**PROBLEM TO SOLVE**
Write the entries out again exactly as they stand, but without the pictures.

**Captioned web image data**
====

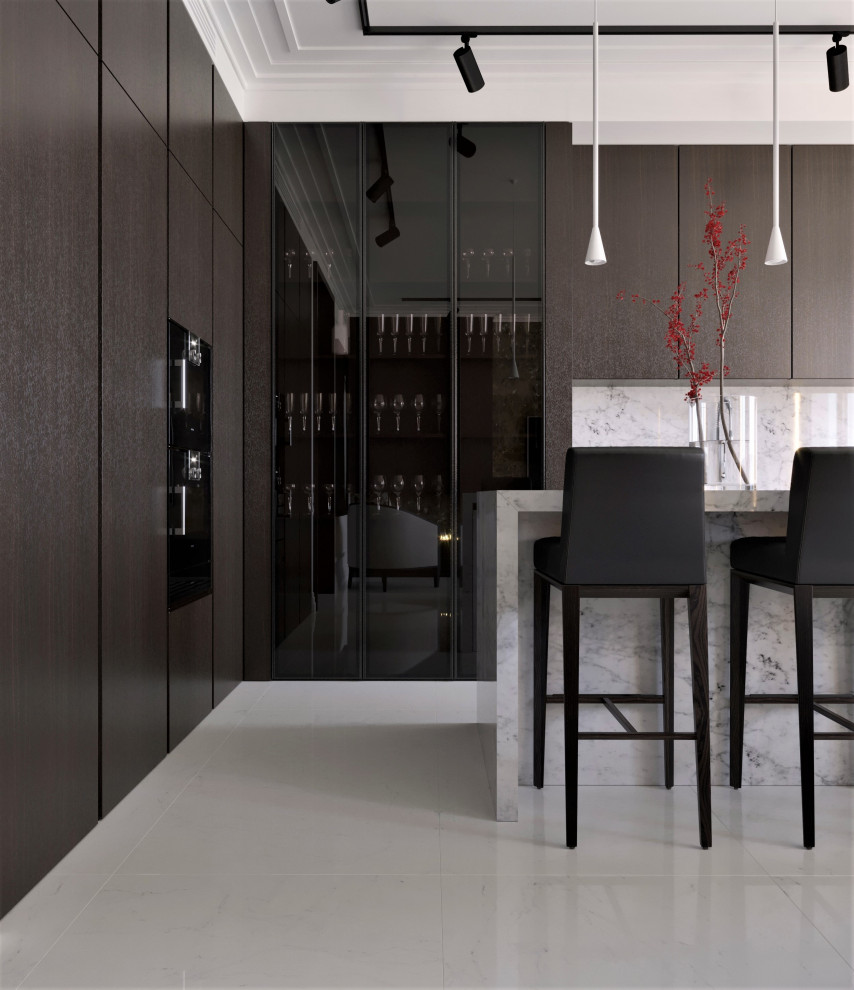 Кухня-гостиная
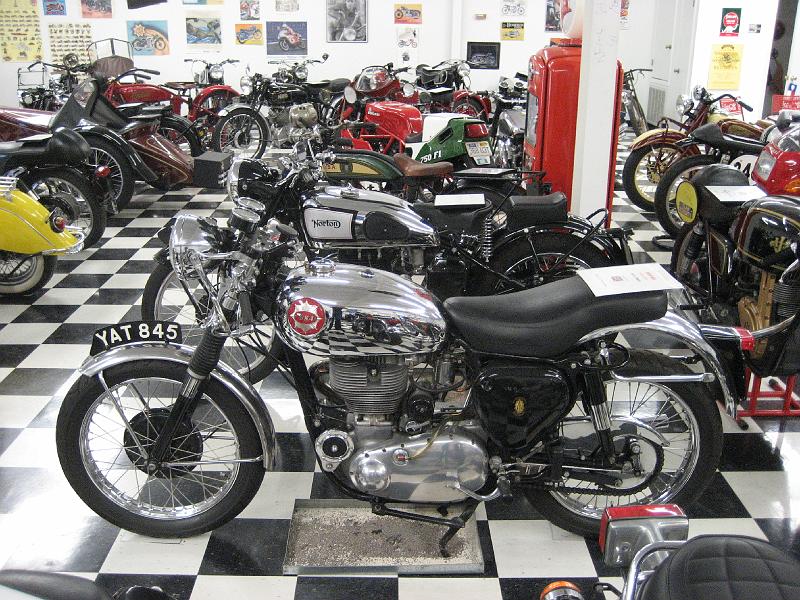 Inside the Lone Star Motorcycle Museum.JPG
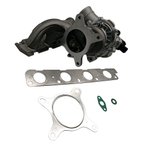 SKP SK2N411 Turbocharger - view 3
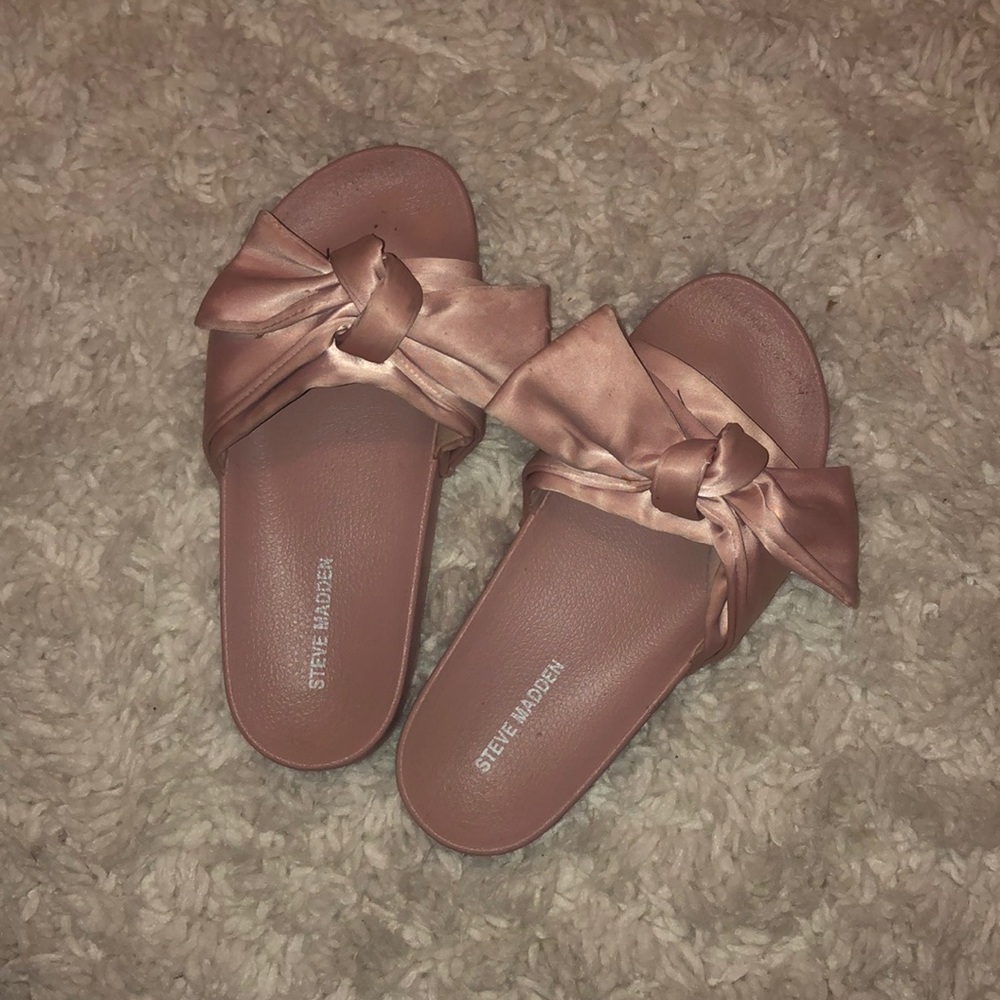 Steve Madden Silky Slide Sandal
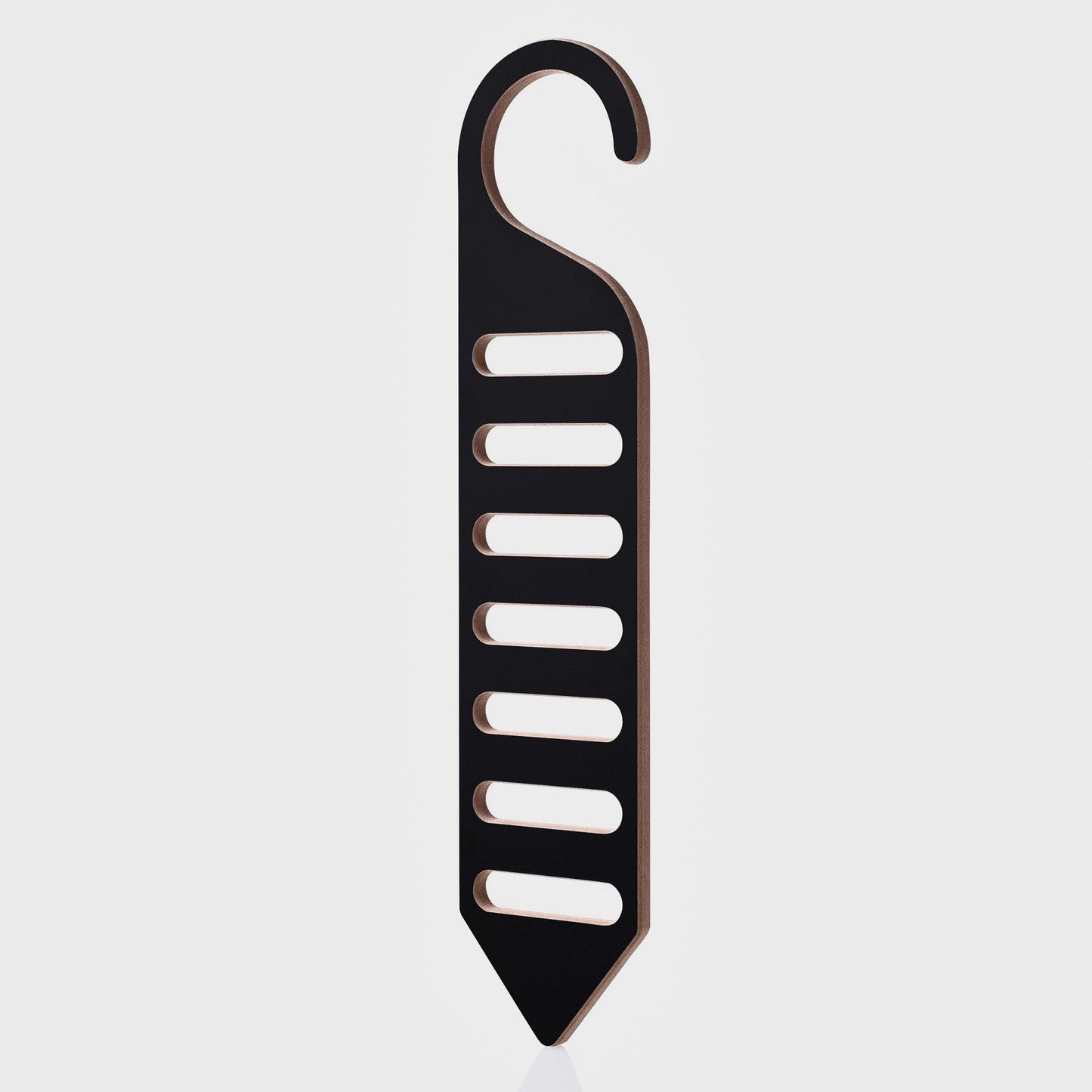 Tie Rack - Closet Organizers & Garment Racks - e-WOOD Collection - ewoodcollection.com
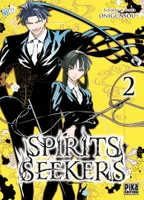 2, Spirits seekers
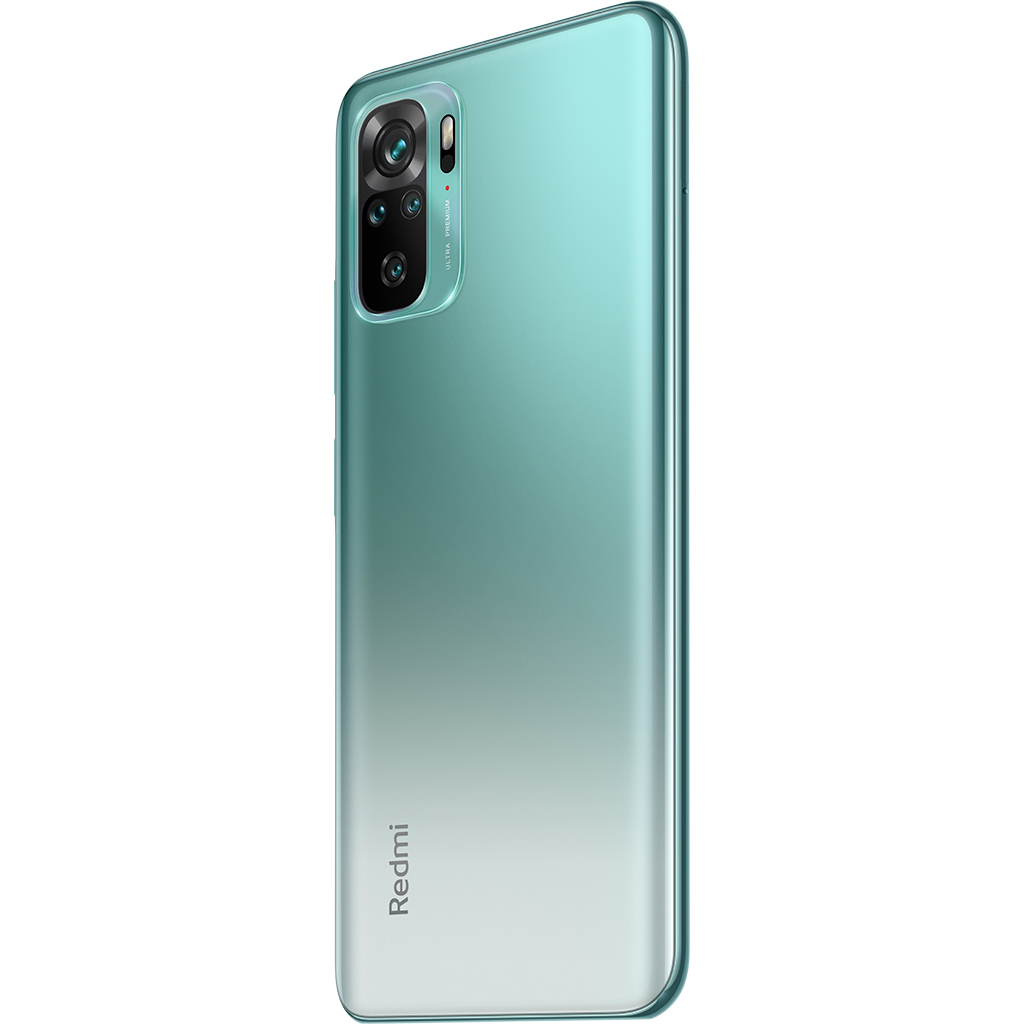 Điện Thoại Xiaomi Redmi Note 10 6GB/128GB Xanh Lá Giá Tốt | Nguyễn Kim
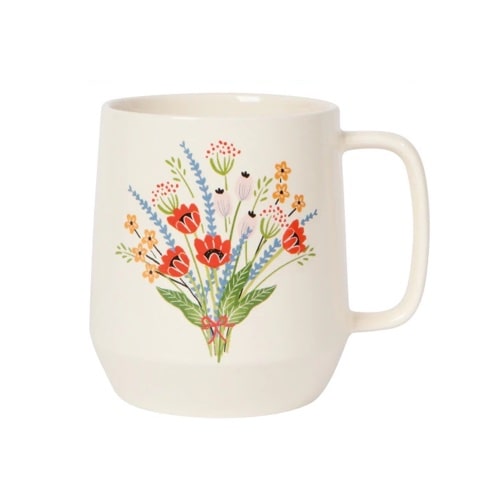 Bouquet Mega Mug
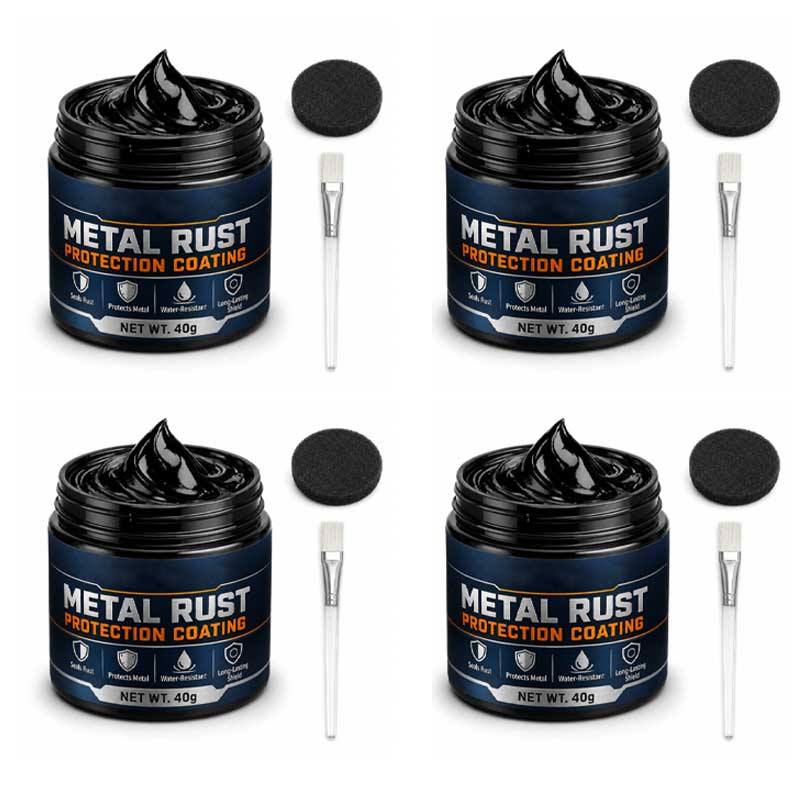 Bemloria™ Black Metal Restorer – Bring Rusty Metal Back to Life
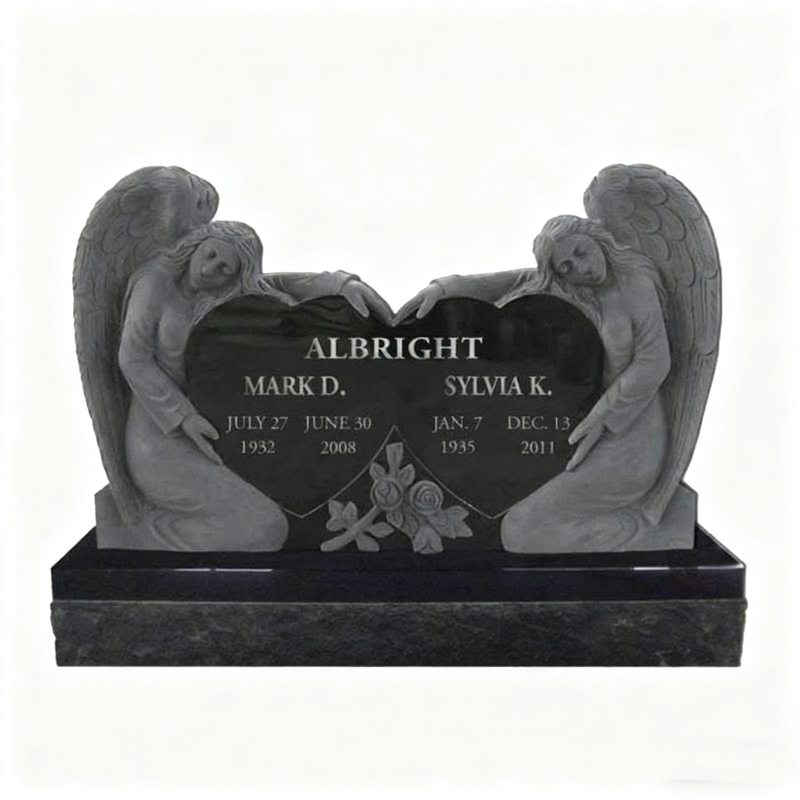 Dubbel Companion Tombstone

====

**EXERCISE RESPONSE**
 Кухня-гостиная
 Inside the Lone Star Motorcycle Museum.JPG
 SKP SK2N411 Turbocharger - view 3
 Steve Madden Silky Slide Sandal
 Tie Rack - Closet Organizers & Garment Racks - e-WOOD Collection - ewoodcollection.com
 2, Spirits seekers
 Điện Thoại Xiaomi Redmi Note 10 6GB/128GB Xanh Lá Giá Tốt | Nguyễn Kim
 Bouquet Mega Mug
 Bemloria™ Black Metal Restorer – Bring Rusty Metal Back to Life
 Dubbel Companion Tombstone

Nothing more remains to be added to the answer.